Criticism of The Beaux-Stratagem
Each play that Farquhar produced was an improvement on its predecessors, and all critics have been unanimous in pronouncing The Beaux-Stratagem his best, both in the study and on the stage, of which it retained possession much the longest. Except The Recruiting Officer and The Inconstant, revived at Covent Garden in 1825, and also by Daly in America in 1885, non of Farquhar’s other plays has been put on the stage for upwards of a century. Hallam says: ‘Never has Congreve equalled The Beaux-Stratagem in vivacity, in originality of contrivance, or in clear and rapid development of intrigue’; and Hazlitt considers it ‘sprightly lively, bustling, and full of point and interest: the assumed disguise of Archer and Aimwell is a perpetual amusement to the mind.’ The action - which commences, remarkably briskly, in the evening and ends about midnight the next day - never flags for an instant. The well-contrived plot is original and simple (all Farquhar’s plots are excellent), giving rise to a rapid succession of amusing and sensational incidents; though by no means extravagant or improbable, save possibly the mutual separation of Squire Sullen and his wife in the last scene - the weak point of the whole. Farquhar was a master in stage-effect.

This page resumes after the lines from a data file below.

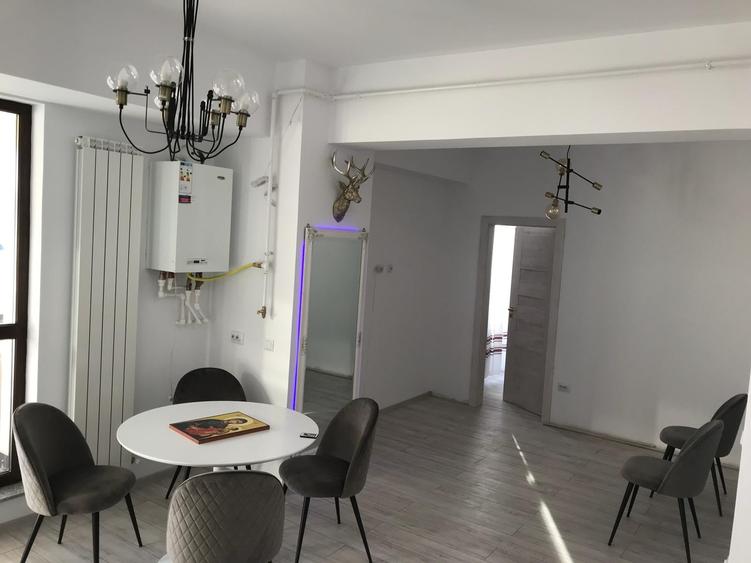 Apartament cu 3 camere decomandat în Păcurari
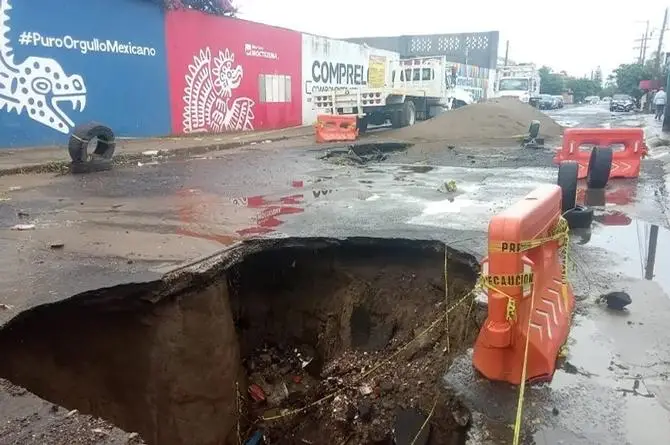 Mega socavón en colonia de Veracruz ¡SPTM!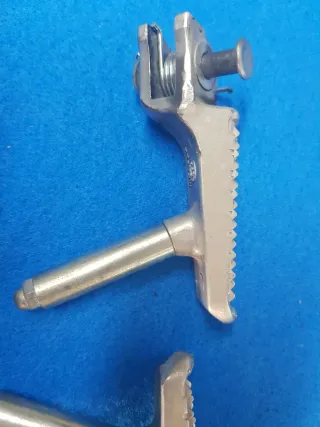 Estriberas Honda CBR 650 R 2025 conductor.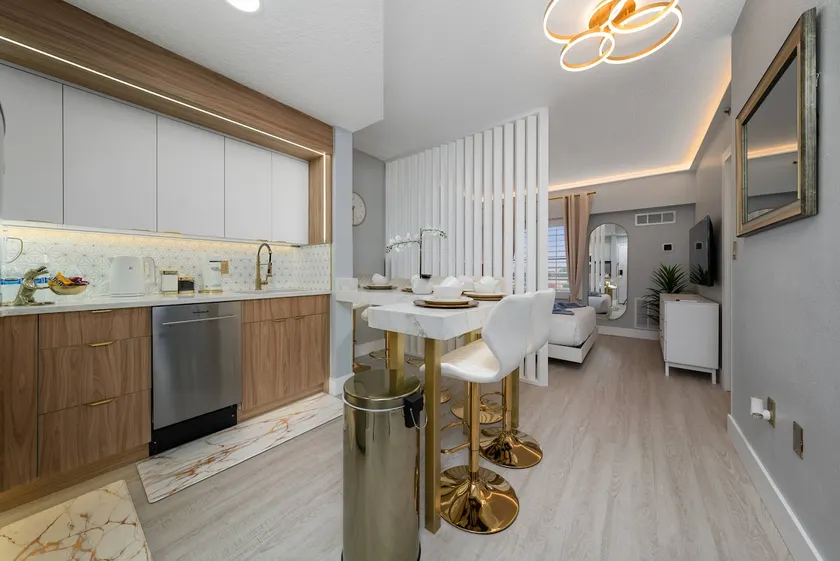 Orlando 2BR Apt | Full Kitchen | Near Parks - Image 1
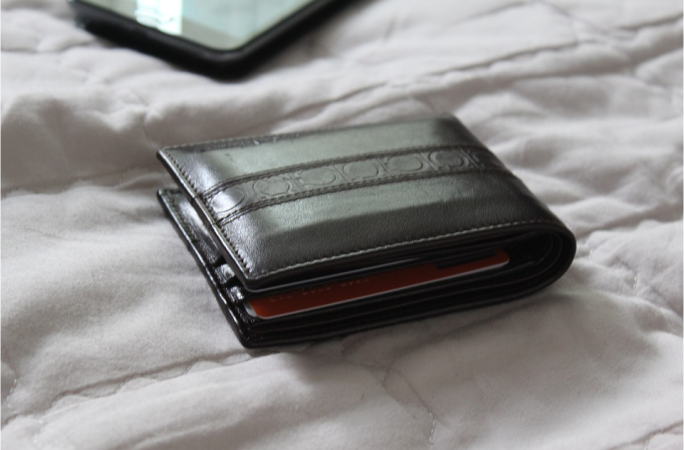 財布がかさばる！長財布にするか、二つ折りにするかで迷ったとき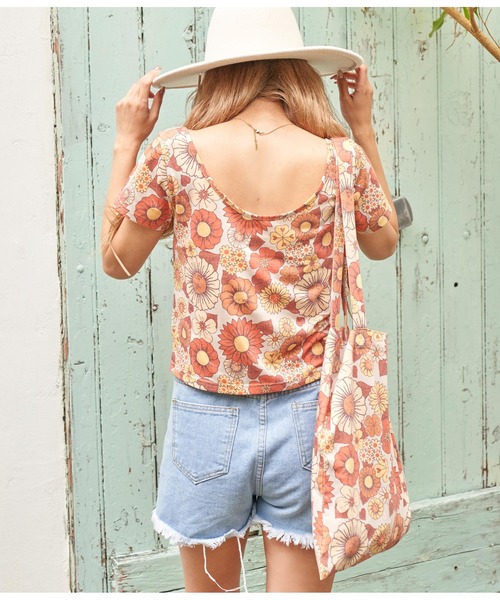 anap mimpi(アナップミンピ)の「レトロフラワーバックオープンTシャツ(Tシャツ/カットソー・レディース・ベージュ/ブラック・FREE)」の6枚目の写真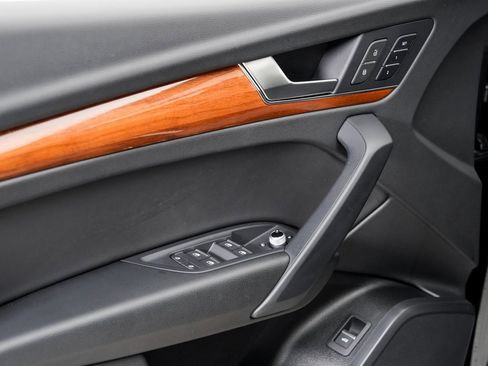 Used 2023 Audi Q5 2.0T Premium w/ Convenience Package image 8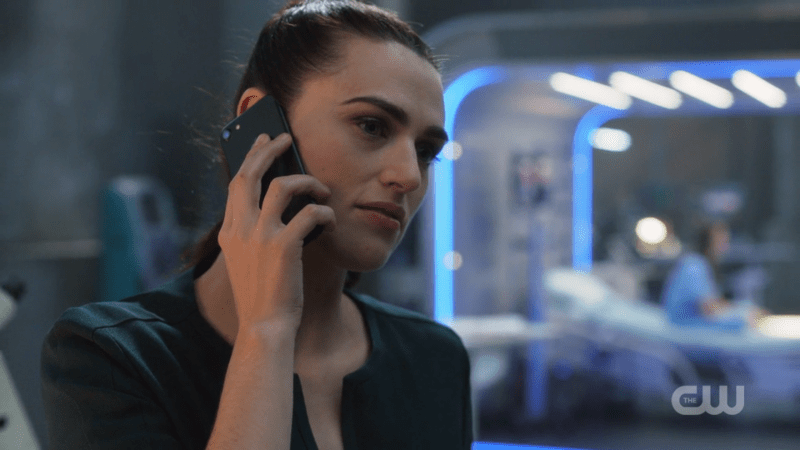 Lena Luthor is on the phone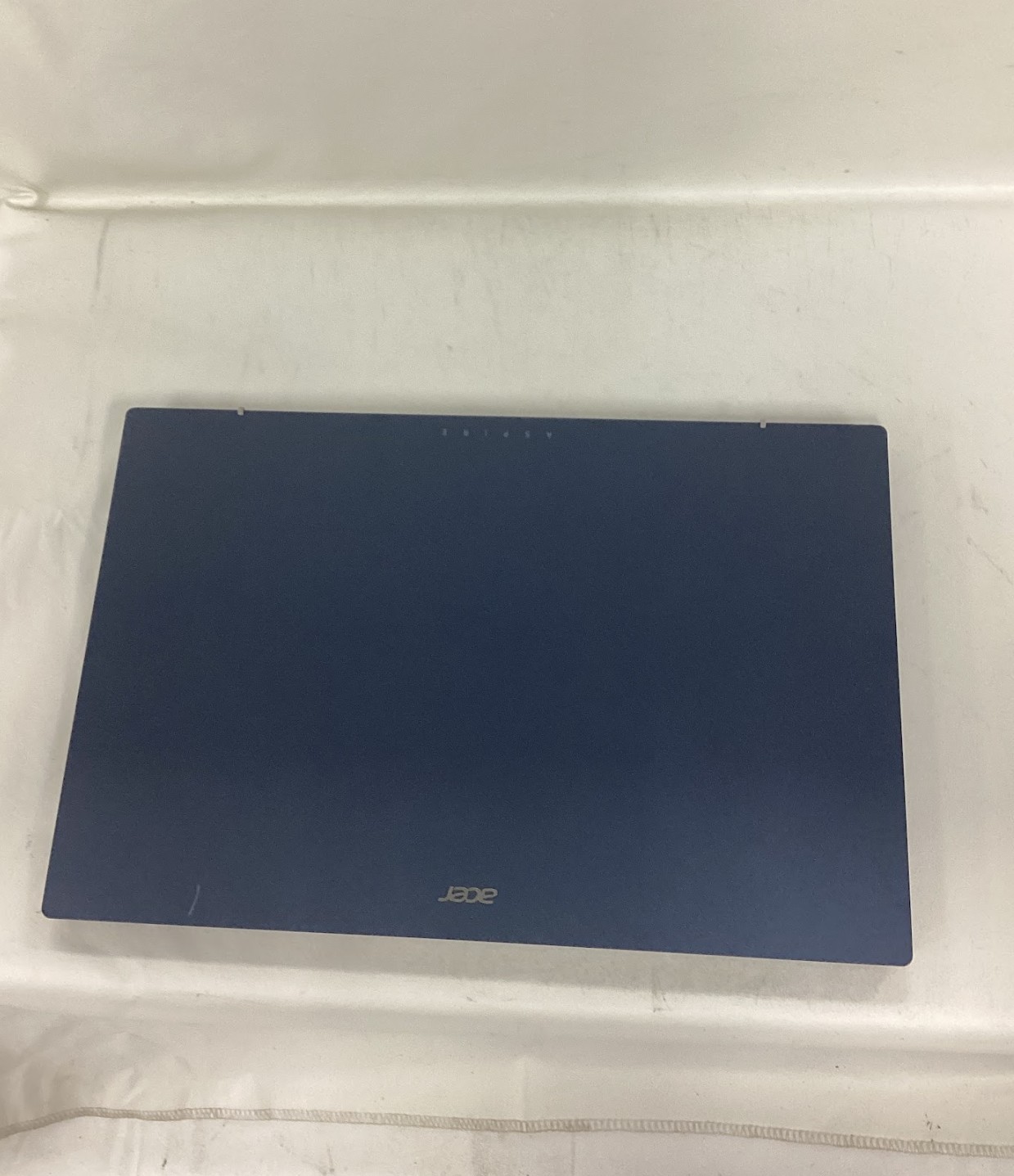 acer Aspire 3 Touchscreen Laptop 15.6″ FHD Screen, AMD Ryzen 5 7520U 8GB/512GB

Aimwell’s stratagem of passing himself off as the wealthy nobleman, his brother (a device previously adopted by Vanbrugh in The Relapse and subsequently by Sheridan in his Trip to Scarborough), may perhaps be a covert allusion to the romantic story of the dramatist’s own deception by the penniless lady who gave herself out to be possessed of a large fortune, and who thus induced him to marry her.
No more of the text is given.